With that said, the builder does use memory, but memory usage is bounded to a constant size. The amount of memory used trades off with the compression ratio. Currently, the implementation hard codes this trade off which can result in about 5-20MB of heap usage during construction. (N.B. Guaranteeing a maximal compression ratio requires memory proportional to the size of the set, which defeats the benefit of streaming it to disk. In practice, a small bounded amount of memory achieves close-to-minimal compression ratios.)

The algorithmic complexity of set construction is O(n) where n is the number of elements added to the set.

Example: build in memory

This shows how to use the builder to construct a set in memory.
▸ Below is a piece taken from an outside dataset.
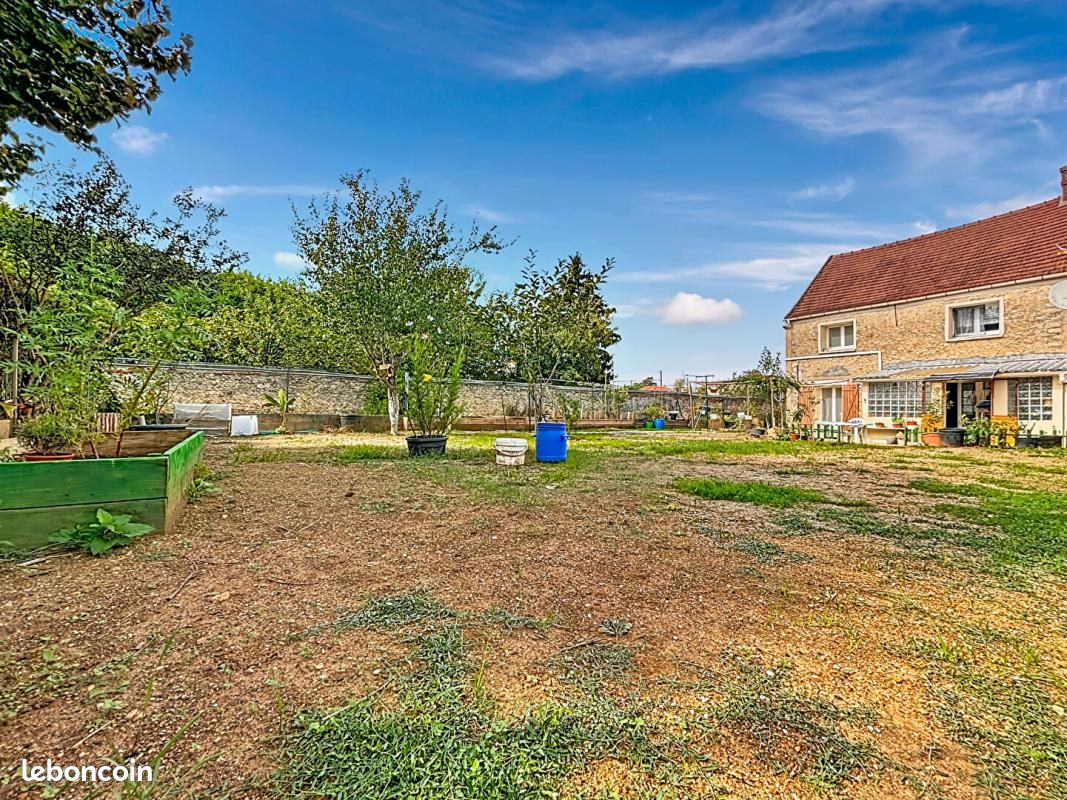 Maison 5 pièces 105 m² · à Cesson · 105 m² · 285 000 €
Note that Set::from_iter provides a convenience function that achieves this same goal without needing to explicitly use SetBuilder.

use fst::{IntoStreamer, Streamer, Set, SetBuilder};

let mut build = SetBuilder::memory();
build.insert("bruce").unwrap();
build.insert("clarence").unwrap();
build.insert("stevie").unwrap();

// You could also call `finish()` here, but since we're building the set in
// memory, there would be no way to get the `Vec<u8>` back.
let bytes = build.into_inner().unwrap();

// At this point, the set has been constructed, but here's how to read it.
let set = Set::from_bytes(bytes).unwrap();
let mut stream = set.into_stream();
let mut keys = vec![];
while let Some(key) = stream.next() {
    keys.push(key.to_vec());
}
assert_eq!(keys, vec![
    "bruce".as_bytes(), "clarence".as_bytes(), "stevie".as_bytes(),
]);

Example: stream to file

This shows how to stream construction of a set to a file.

use std::fs::File;
use std::io;

use fst::{IntoStreamer, Streamer, Set, SetBuilder};

let mut wtr = io::BufWriter::new(File::create("set.fst").unwrap());
let mut build = SetBuilder::new(wtr).unwrap();
build.insert("bruce").unwrap();
build.insert("clarence").unwrap();
build.insert("stevie").unwrap();

// If you want the writer back, then call `into_inner`. Otherwise, this
// will finish construction and call `flush`.
build.finish().unwrap();

// At this point, the set has been constructed, but here's how to read it.
let set = Set::from_path("set.fst").unwrap();
let mut stream = set.into_stream();
let mut keys = vec![];
while let Some(key) = stream.next() {
    keys.push(key.to_vec());
}
assert_eq!(keys, vec![
    "bruce".as_bytes(), "clarence".as_bytes(), "stevie".as_bytes(),
]);

Methods

impl SetBuilder<Vec<u8>>
[src]

Create a builder that builds a set in memory.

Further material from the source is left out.